Given the material below, output exactly the lines from the line with "The study 1st floor with a convertible sofa" to the line with "3 Bedroom Villa", both ends included, and no other lines.

• **Task input**
⟨

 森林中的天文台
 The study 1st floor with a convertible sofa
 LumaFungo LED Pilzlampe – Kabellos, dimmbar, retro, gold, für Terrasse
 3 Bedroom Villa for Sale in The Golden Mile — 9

⟩
⟨

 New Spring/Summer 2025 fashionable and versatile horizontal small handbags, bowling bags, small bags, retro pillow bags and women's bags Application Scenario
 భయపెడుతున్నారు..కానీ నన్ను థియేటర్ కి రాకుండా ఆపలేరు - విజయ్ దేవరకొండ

⟩

• **Result**
 The study 1st floor with a convertible sofa
 LumaFungo LED Pilzlampe – Kabellos, dimmbar, retro, gold, für Terrasse
 3 Bedroom Villa for Sale in The Golden Mile — 9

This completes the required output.